Disjoint Sets (Union-Find)
Disjoint Sets, also known as Union-Find, are a powerful data structure for efficiently managing a collection of non-overlapping sets. They are widely used in algorithms that require grouping elements and quickly checking if two elements belong to the same group.
What Are Disjoint Sets?
A Disjoint Set structure maintains a partition of a set into non-overlapping subsets. It is especially useful in graph algorithms, such as Kruskal's Minimum Spanning Tree, and in applications like network connectivity and image segmentation.
Equivalence Relations and Classes
Let \(S\) be a set containing elements and a relation \(R\) is defined on it. That means for every pair \(a,~b\in S\), \(a~R~b\) is true then we say \(a\) is related to \(b\), otherwise \(a\) is not related to \(b\).
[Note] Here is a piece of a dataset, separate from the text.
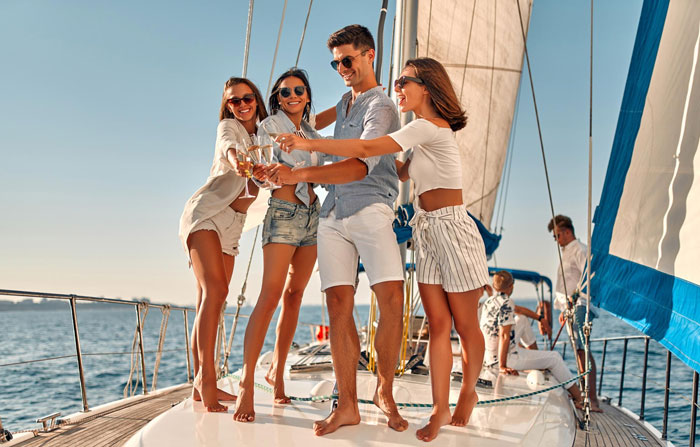 Group of friends celebrating on a yacht during a unique wedding weekend getaway Group of friends celebrating on a yacht during a unique wedding weekend getaway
A relation is called equivalence relation if it satisfies the three properties:
- Reflexive: $ \forall a \in S$, \(a~R~a\) is true
- Symmetric: \(a, b \in S\), if \(a~R~b\) is true then \(b~R~a\) is true
- Transitive: \(a, b, c \in S\), if \(a~R~b\) and \(b~R~c\) is true then \(a~R~c\) is true
The equivalence class of an element \(a ~\in S\) is a subset of \(S\) that contains all elements that are related to \(a\). Equivalence classes create a partition of \(S\). Since intersection of any two equivalence classes in empty they are also called disjoint sets.
Key Operations
A Disjoint Set data structure supports three primary operations:
- MakeSet(x): Create a new set containing the single element
x. - Find(x): Determine which subset a particular element
xis in. This can be used for checking if two elements are in the same subset. - Union(x, y): Merge the subsets containing elements
xandyinto a single subset.
Data Structure Implementation
The most common implementation uses two techniques for efficiency:
- Parent Array: Each element points to a parent, and the root of each set is its representative.
- Union by Rank/Size: Always attach the smaller tree (size or height) to the root of the larger tree to keep the tree shallow.
- Path Compression: During
Find, make each node on the path point directly to the root, flattening the structure.
Implementation
class DisjointSets(n: Int) {
val parent = IntArray(n) { it }
val rank = IntArray(n) { 0 }
fun find(x: Int): Int {
if(parent[x] != x)
parent[x] = find(parent[x])
return parent[x]
}
fun union(x: Int, y: Int) {
val xRoot = find(x)
val yRoot = find(y)
if(xRoot == yRoot) return
if(rank[xRoot] < rank[yRoot]) {
parent[xRoot] = yRoot
} else if(rank[xRoot] > rank[yRoot]) {
parent[yRoot] = xRoot
} else {
parent[yRoot] = xRoot
rank[xRoot] += 1
}
}
}
Applications
- Kruskal's Algorithm: Used to detect cycles and build Minimum Spanning Trees efficiently.
- Connected Components: Quickly determine if two nodes are in the same connected component in a graph.
- Network Connectivity: Model dynamic connectivity in networks.
- Image Processing: Group pixels into connected regions.
- Percolation Theory: Model the flow of fluids through porous materials.